Hyperolius diaphanus
- Conservation status: Data Deficient (IUCN 3.1)

Scientific classification
- Kingdom: Animalia
- Phylum: Chordata
- Class: Amphibia
- Order: Anura
- Family: Hyperoliidae
- Genus: Hyperolius
- Species: H. diaphanus
- Binomial name: Hyperolius diaphanus Laurent, 1972

= Hyperolius diaphanus =

- Authority: Laurent, 1972
- Conservation status: DD

Species of amphibian

Hyperolius diaphanus is a species of frog in the family Hyperoliidae. It is endemic to the eastern Democratic Republic of the Congo and is known from near the Itombwe Mountains and the mountains to the west of Lake Kivu. Limits of its range are not clear and might extend into the adjacent Burundi and Rwanda. Common names Kigulube reed frog and translucent reed frog have been proposed for this species.

==Description==
Adult males measure 21–28 mm and adult females 25–32 mm in snout–vent length.

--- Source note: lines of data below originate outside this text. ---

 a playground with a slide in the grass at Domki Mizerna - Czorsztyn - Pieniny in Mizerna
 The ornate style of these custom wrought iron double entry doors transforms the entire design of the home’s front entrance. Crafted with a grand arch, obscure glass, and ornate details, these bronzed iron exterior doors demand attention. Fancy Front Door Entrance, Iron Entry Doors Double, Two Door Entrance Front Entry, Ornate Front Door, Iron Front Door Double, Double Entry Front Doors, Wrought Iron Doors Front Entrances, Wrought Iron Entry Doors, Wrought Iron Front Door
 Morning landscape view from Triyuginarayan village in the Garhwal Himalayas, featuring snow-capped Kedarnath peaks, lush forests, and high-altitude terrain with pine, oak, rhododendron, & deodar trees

The dorsum is greyish green while the ventrum is white. The "femur" and the extremities are bright yellow. There are two color morphs, known as phases linked, to development and sex: all newly metamorphosed individuals display phase "J" pattern, whereas all females, and some males, develop into phase "F" before the first breeding season. Phase "j" is normally brownish to green with paired light dorsolateral lines or an hourglass pattern. Phase "F" is often colorful and variable, showing the diagnostic color characteristics. In addition to the well-defined morphs, graded variation is also present.

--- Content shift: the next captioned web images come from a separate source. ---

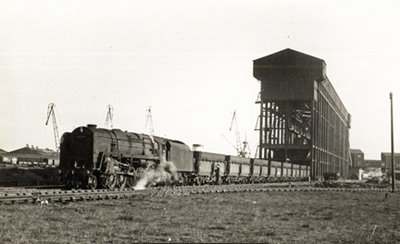 Unidentified Class 9F 2-10-0 at Tyne Dock iron ore terminal, 1960s. Also equipped with air compressors to operate the hopper doors, this class took over from the Class O1 2-8-0, hauling trains of nine hoppers to the O1's eight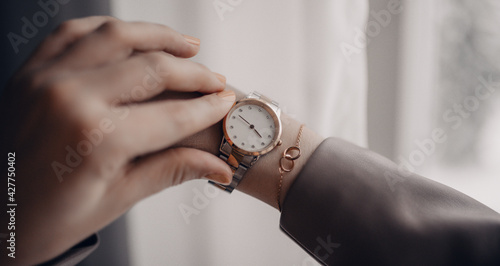 Stylish golden white classic watch on woman hand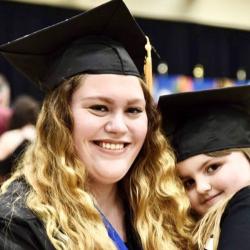 woman and girl in graduation caps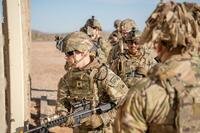 Soldiers in battle uniforms encounter a wall.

H. diaphanus is very similar to Hyperolius frontalis but lacks the light triangle on the snout of the latter, has yellow rather than orange-red extremities, and is somewhat smaller.

==Habitat and conservation==
Hyperolius diaphanus is believed to be an arboreal forest species. It is known from 900–1000 m above sea level, suggesting that it is an intermediate-altitude species. Breeding presumably takes place in water. Threats to this poorly known species are unknown. It is not known to occur in any protected areas.